** Given data **
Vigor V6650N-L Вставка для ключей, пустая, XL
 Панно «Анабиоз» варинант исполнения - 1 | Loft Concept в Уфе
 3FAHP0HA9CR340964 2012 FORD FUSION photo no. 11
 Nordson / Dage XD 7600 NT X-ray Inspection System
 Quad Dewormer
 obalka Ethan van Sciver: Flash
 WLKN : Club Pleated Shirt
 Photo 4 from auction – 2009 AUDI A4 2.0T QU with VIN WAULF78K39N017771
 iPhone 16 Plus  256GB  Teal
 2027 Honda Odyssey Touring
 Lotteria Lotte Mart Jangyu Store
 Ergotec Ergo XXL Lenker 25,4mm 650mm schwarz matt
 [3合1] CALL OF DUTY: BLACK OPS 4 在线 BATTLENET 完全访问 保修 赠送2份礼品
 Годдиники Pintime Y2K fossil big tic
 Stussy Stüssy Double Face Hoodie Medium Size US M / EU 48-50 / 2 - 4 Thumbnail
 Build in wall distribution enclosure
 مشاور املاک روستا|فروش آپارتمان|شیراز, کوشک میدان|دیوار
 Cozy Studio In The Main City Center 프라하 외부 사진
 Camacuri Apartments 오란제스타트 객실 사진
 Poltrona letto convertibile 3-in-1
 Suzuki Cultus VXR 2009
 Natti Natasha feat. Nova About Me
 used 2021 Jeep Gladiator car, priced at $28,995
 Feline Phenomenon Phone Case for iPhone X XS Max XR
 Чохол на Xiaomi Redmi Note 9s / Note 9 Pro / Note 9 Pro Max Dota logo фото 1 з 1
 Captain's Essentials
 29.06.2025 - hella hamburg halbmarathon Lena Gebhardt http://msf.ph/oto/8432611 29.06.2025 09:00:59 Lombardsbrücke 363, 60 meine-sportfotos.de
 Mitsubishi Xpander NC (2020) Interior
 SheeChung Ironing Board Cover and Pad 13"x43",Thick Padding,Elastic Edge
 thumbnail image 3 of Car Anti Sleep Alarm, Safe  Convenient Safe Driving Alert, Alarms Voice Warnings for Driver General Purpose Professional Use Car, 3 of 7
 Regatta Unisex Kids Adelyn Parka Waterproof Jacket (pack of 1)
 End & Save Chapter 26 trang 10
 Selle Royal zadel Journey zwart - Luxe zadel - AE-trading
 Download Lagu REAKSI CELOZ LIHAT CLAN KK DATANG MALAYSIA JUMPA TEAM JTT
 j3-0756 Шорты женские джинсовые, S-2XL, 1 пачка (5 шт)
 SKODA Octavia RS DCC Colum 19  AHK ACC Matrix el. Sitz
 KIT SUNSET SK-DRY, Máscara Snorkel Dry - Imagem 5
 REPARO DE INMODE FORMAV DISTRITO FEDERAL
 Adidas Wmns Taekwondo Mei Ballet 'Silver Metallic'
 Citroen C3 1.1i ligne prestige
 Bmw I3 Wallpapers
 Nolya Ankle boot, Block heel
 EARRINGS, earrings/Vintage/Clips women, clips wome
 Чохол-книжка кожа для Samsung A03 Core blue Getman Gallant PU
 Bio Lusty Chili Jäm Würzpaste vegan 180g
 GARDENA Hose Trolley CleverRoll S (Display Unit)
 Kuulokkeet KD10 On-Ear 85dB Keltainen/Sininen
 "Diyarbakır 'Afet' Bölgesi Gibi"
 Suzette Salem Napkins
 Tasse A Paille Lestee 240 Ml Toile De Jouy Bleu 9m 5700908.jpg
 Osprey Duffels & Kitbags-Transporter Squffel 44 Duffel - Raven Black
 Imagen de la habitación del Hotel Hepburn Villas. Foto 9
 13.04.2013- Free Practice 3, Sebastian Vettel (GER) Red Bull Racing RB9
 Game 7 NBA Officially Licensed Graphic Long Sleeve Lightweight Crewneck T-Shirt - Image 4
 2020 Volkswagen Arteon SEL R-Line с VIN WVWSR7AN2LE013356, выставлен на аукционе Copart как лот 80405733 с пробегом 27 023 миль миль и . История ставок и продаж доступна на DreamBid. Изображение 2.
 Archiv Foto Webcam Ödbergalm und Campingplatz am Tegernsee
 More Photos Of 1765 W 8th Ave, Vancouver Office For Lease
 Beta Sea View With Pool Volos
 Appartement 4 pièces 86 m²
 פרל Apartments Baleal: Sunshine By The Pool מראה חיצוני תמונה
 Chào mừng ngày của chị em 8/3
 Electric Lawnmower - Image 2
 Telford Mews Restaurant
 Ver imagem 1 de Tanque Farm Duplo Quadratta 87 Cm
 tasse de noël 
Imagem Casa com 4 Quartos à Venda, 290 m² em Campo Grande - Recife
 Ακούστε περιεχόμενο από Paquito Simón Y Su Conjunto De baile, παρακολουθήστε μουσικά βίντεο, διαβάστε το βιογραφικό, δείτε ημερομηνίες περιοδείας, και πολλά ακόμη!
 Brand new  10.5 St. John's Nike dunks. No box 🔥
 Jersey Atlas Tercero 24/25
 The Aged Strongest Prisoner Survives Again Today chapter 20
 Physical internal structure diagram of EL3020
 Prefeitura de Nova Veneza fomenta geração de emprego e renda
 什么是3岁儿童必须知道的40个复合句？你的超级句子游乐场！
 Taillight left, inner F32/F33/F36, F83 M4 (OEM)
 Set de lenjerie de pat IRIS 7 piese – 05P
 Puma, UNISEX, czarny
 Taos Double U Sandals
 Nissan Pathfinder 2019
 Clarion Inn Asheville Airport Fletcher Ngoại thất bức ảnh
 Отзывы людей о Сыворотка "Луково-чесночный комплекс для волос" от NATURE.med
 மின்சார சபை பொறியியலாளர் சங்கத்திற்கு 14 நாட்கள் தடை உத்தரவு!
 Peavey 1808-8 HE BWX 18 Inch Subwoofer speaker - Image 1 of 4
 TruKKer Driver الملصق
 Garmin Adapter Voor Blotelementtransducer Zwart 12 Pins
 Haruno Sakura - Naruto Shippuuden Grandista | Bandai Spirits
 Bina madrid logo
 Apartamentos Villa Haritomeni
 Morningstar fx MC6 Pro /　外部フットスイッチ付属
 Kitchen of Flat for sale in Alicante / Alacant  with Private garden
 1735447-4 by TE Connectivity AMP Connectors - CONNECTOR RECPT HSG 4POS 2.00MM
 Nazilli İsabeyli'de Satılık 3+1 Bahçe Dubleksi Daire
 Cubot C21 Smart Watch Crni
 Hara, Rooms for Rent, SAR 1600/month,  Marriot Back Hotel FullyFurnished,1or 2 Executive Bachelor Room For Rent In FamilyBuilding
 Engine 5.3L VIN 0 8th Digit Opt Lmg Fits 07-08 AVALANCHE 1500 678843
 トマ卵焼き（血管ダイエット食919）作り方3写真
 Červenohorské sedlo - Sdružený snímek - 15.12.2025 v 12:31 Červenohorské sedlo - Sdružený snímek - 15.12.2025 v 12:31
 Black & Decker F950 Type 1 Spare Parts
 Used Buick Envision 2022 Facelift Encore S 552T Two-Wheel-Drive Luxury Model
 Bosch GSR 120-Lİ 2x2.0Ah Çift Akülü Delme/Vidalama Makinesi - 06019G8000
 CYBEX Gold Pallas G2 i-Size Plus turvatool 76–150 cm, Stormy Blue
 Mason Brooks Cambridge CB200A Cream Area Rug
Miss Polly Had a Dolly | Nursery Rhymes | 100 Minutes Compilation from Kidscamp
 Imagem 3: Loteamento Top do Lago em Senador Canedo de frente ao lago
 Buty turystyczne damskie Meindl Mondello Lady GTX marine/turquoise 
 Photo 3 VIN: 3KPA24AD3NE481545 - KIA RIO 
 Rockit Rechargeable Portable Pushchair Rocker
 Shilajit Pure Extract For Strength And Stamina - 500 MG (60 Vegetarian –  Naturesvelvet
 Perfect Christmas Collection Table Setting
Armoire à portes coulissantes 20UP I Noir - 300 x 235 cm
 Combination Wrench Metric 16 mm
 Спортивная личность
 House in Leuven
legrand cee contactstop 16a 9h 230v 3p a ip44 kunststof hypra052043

** What the exercise asks **
Filter the records for lines holding the string "Чохол". Copy each one.

** Task response **
 Чохол на Xiaomi Redmi Note 9s / Note 9 Pro / Note 9 Pro Max Dota logo фото 1 з 1
 Чохол-книжка кожа для Samsung A03 Core blue Getman Gallant PU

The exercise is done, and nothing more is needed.